Recently I was talking with one of our customers and the two large units at his station had been off line for three weeks due to lack of demand.  These units are in a central location on the grid and have normally experienced capacity factors greater than 85% year after year.  This customer is located in the eastern third of the US and the stated cause of this downtime was all three of the factors stated above.   Most people would not expect wind turbines to be a significant factor in this region, but due to the growth of available wind power in the last year the varying load has become a significant factor in satisfying the current demand. 

When we talked, the units were running but at loads significantly lower than normal.  The dispatch group was using all the power available from the wind turbines, running the combined cycle plants at high loads, and using these coal units to make up any shortfalls in demand not supplied by the other two sources.  Under this scenario, efficient operation at very low loads and ramp rates become very important, much more so than under more traditional methods of operations.  The most surprising fact was that at night the units were generating only 50 mw.  The units cannot run at that low load.  To accomplish this level of generation, the units were making steam for approximately 135 mw and bypassing the turbine with the excess.  This resulted in the incremental cost of generation for those 50 mw very high.

This customer uses CombustionOpt for the typical improvements achieved with combustion optimization systems:  NOx reduction, heat rate improvements, O2 balancing, megawatt maximization, steam temperature control, and others.   However, the systems were configured to operate at normal load ranges of about 50% to 100% load.  Due to the amount of time the unit is running below the normal minimum load, the customer is interested in modifying the CombustionOpt configuration to assist operations with the difficult task of operating at these very low loads.  There are only a small number of combustion optimization systems that have been configured to assist operations in this manner.  The reason being is that few coal-fired units have operated in this manner in the past.  That said, there is no technical limitation on CombustionOpt that precludes the system from running at these load loads.  As long as the DCS is run in automatic, the closed-loop features of CombustionOpt are just as applicable at 50 MW as they are at 100% load. 

This month we are meeting with the customer to define the requirements, constraints, and limitations of the units while operating in this mode.  NeuCo engineers, working with customer personnel, will modify the optimizer to help operators with this very difficult task. 

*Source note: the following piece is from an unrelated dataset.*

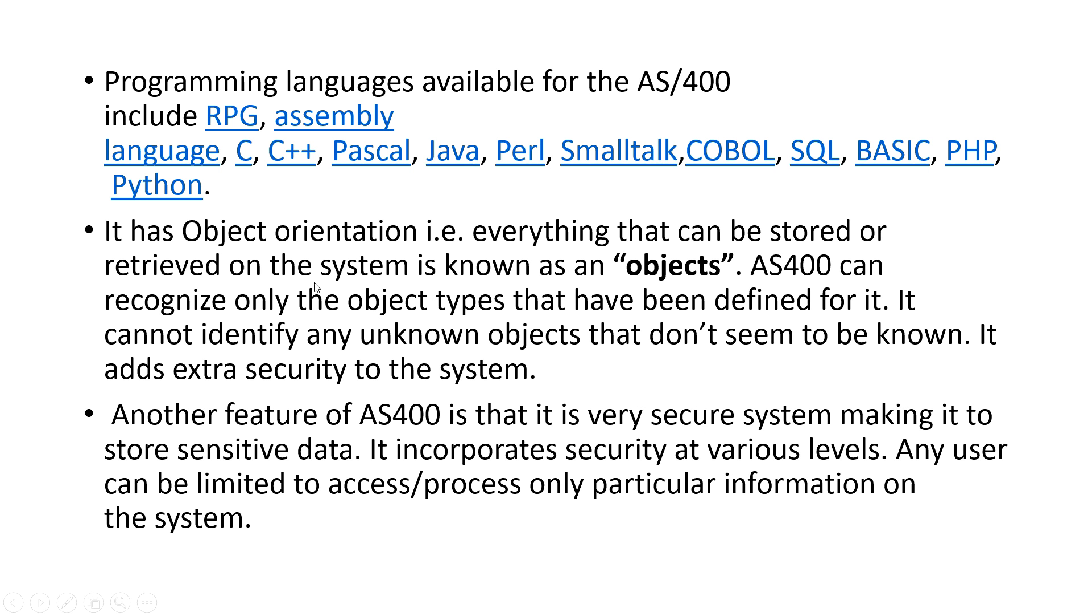It has an object orientation, that is everything that can be stored or retrieved on the system of AS400 is known as objects. AS400 can recognize only object types that have been defined for it. It cannot identify any unknown object that don't seem to be known. This provides extra security in the system.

CombustionOpt, being a closed-loop system, will provide assistance and reduce the operator workload for this low-load scenario just as it does for high load operations.  This additional work will be covered under the Annual Maintenance and Support agreement in place for these units so the customer will not have to pay additional fees for this modification.  Situations like these are one of the reasons NeuCo’s customers continue to achieve benefits from the optimizers for years after initial installation.  As requirements change, NeuCo is there to help the customer change with the times.